C’est une chance pour le Mali et c’est une chance pour nous, évidemment.
Mais vous étiez aux affaires en 2014, pourquoi n’avez-vous pas mené ces réformes ?
J’étais en poste au tout début, pendant 9 mois sous l’égide d’un chef d’État qui était, lui, aux affaires principalement. Au Mali, le Premier ministre est un outil du président. Pour résumer, si ce dernier et son chef de gouvernement ne sont pas d’accord, les projets ne se font pas, tout simplement. Je dirai que j’ai manqué et de temps et de possibilités, je n’avais pas de marge de manœuvre pour faire tout ce que je voulais faire. C’était il y a 7 ans ou 6 ans. Je pense qu’il faut ouvrir une nouvelle page avec un rajeunissement de la classe politique ainsi que des forces de sécurité et de défense avec un nouvel état d’esprit pour remettre le Mali sur le droit chemin. Nous avons un grand défi, mais je pense que nous allons tous réussir.
Le Mali n’en a donc peut-être pas fini avec les coups d’État…
Je le concède, un quatrième coup d’État en 60 ans d’indépendance, avec un 4e président qui est renversé sur les cinq que nous avons eus, c’est un triste record pour le Mali. Ce qui vient de se passer au Mali est une défaite pour nous tous. Les facteurs propices à ce coup d’État étaient présents depuis des mois, voire des années. Sous cet angle, le coup d’État devient une conséquence et non la cause de l’instabilité. Nous devons maintenant nous pencher sur ces facteurs, les identifier et les combattre.
Qu’est-ce que cela dit des institutions du pays ?

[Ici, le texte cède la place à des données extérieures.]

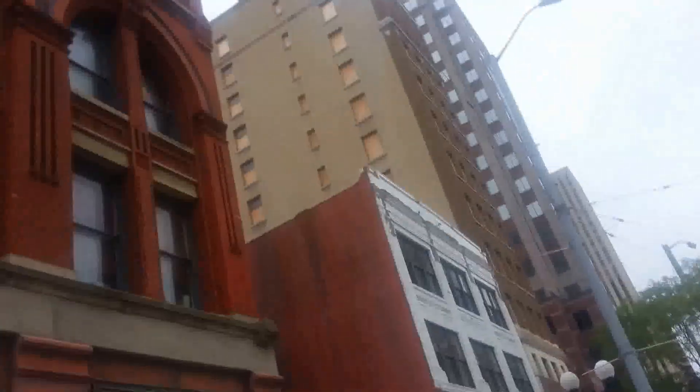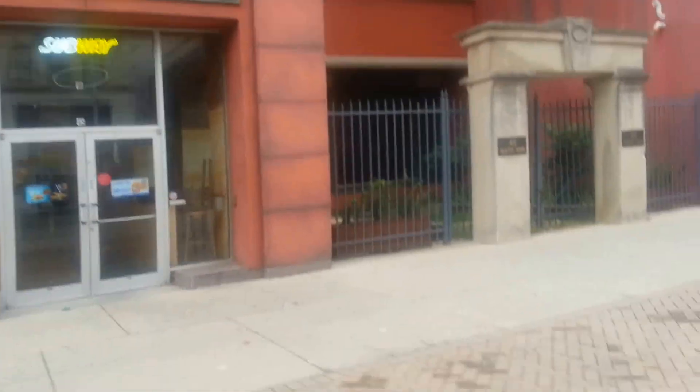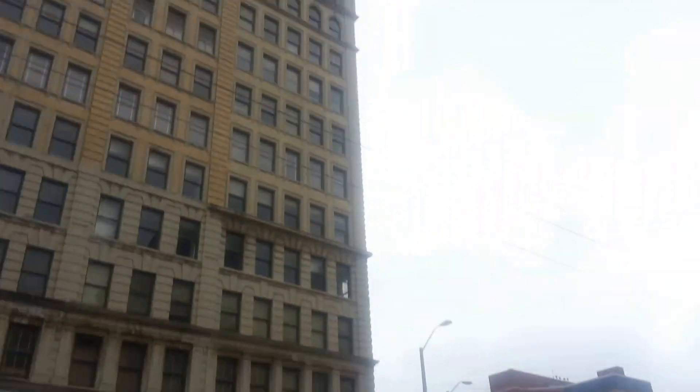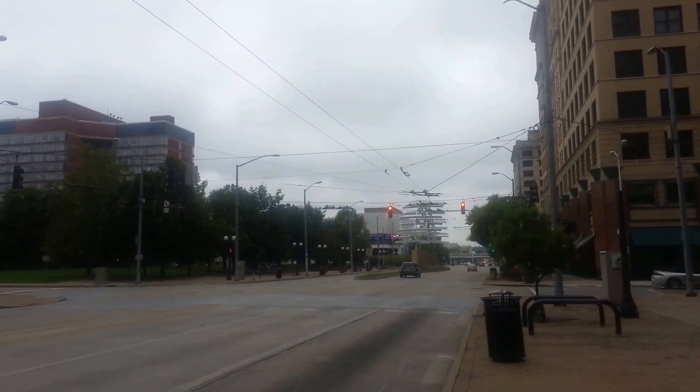Anyway YouTube, that's it for this one, just a short video. I just wanted to show the plywood on the arcade and on a few other buildings down here at the corner of Main and 4th. That's it for this one.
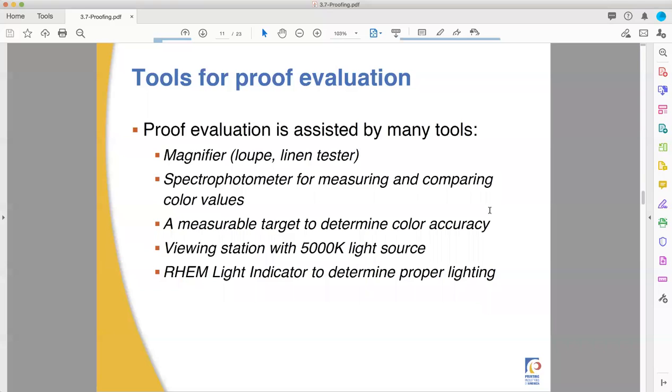Proof evaluation — things you want. You want a magnifier, like a loupe or a linen tester, depending on what they're called. It's a magnifying glass set on a little stand. You want a spectrophotometer — what a fun word. It's used for measuring color values. You want a measurable target to be able to determine color accuracy. You need a viewing station with a 5,000 Kelvin lighting source. And you probably want a REM light indicator to determine proper lighting. We'll talk about those too.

Il faut des institutions plus fortes qui permettent d’assurer une gestion vertueuse du pouvoir avec peut-être des dispositifs pour obliger le président élu à tenir compte des critiques. On peut à l’avenir penser à mettre en place des textes institutionnels pour démettre un président sans justement passer par cette phase de coup d’État. Tout ça passe par la bonne gouvernance. Le Mali est justement en train de s’inventer un nouveau destin, cette question sera au cœur des discussions.
Dans ce destin qu’est en train de réaliser le Mali, quelle place auront les leaders religieux comme l’imam Dicko ?
L’imam Dicko l’a déjà dit, il retourne dans sa mosquée, s’occuper de ses fidèles, comme il l’a toujours fait. Mahmoud Dicko tout comme les autres religieux de manière générale sont des thermomètres, c’est-à-dire que quand la situation est mauvaise, ils ont toute la latitude pour s’exprimer, et ça a toujours été comme ça. C’est au président d’être exemplaire, de travailler dans l’intérêt du peuple. Je peux vous assurer que si le président va dans ce sens, les imams resteront dans leurs mosquées, l’imam Dicko compris.